THE INPUT Block Start
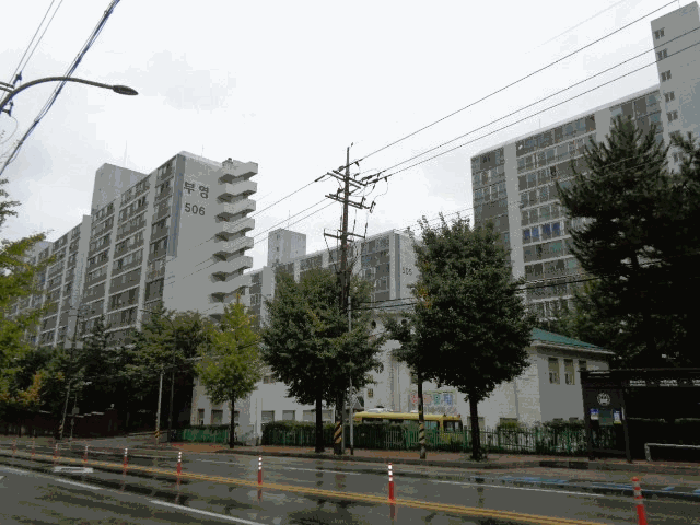 물건 사진 10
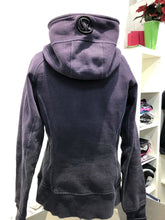 Load image into Gallery viewer, Lululemon ombre scuba S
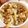 りりこっつぁ☆'s cooksnap of when they made たまごうどん〜1歳10ヶ月完了&幼児食〜.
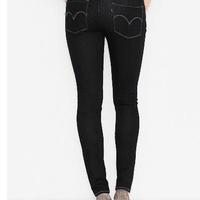 Jeans donna Levi's NUOVO taglia 28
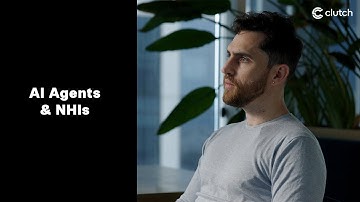 NHI Masterclass - Episode 5.2 | AI Agents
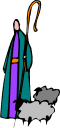 Farm Animal Clipart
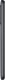 Smartfon ZTE Blade A53+ 2/64GB Szary  (ZTE Blade A53+ Gray) 4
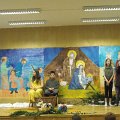 DSCF7681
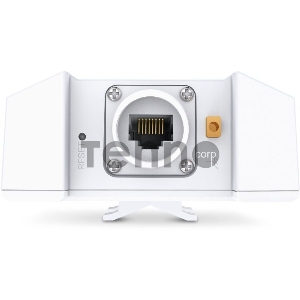 Точка доступа AX1800 Indoor/Outdoor Dual-Band Wi-Fi 6 Access Point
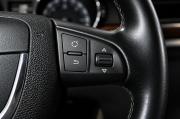 Skoda Superb II Челябинск  - изображение 31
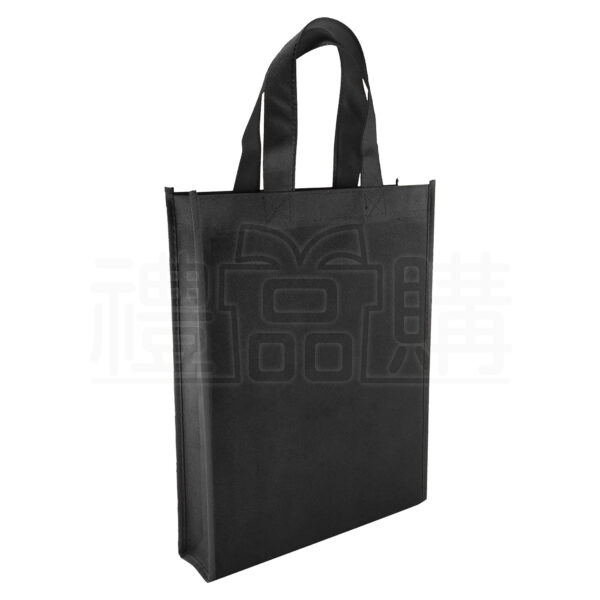 8132_non_woven_bag_3-152311-198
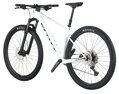 SCOTT Scale 920 white model 2026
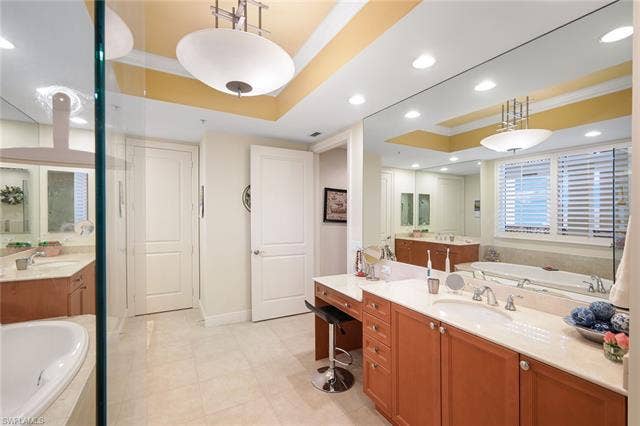 24001 Via Castella Dr, #3202, Bonita Springs, FL 34134 24001 Via Castella Dr, #3202, Bonita Springs, FL 34134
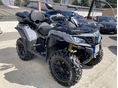 CFMOTO CFORCE 2023/5 - 7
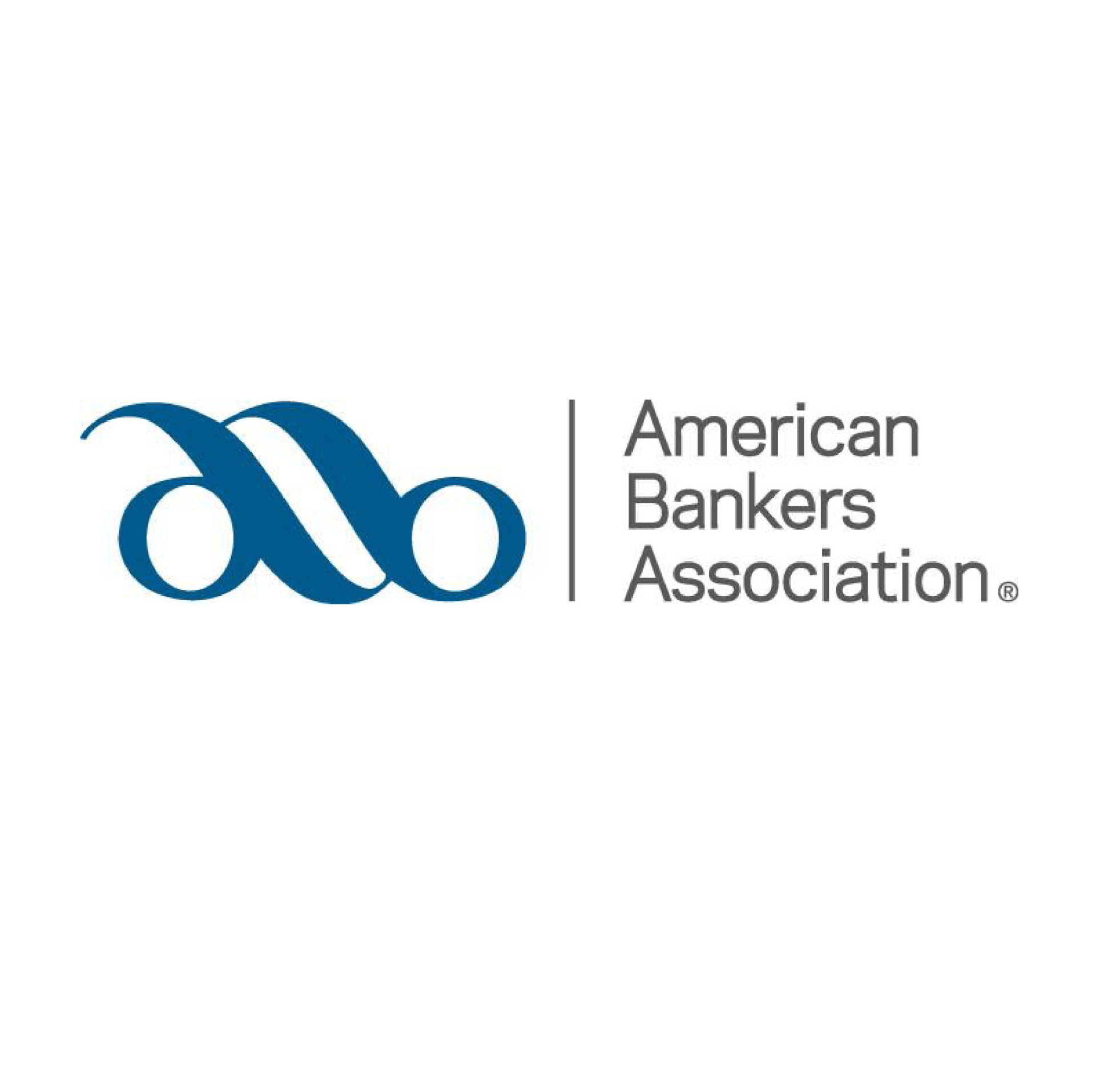 American Bankers Association logo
THE INPUT Block End
• [PROBLEM TO SOLVE]
Please, leaving out all pictures, transcribe exactly the lines above from the one containing "SCOTT Scale 920 white model 2026" through the final line, both included.

• [RESPONSE FOR THIS EXERCISE]
 SCOTT Scale 920 white model 2026
 24001 Via Castella Dr, #3202, Bonita Springs, FL 34134 24001 Via Castella Dr, #3202, Bonita Springs, FL 34134
 CFMOTO CFORCE 2023/5 - 7
 American Bankers Association logo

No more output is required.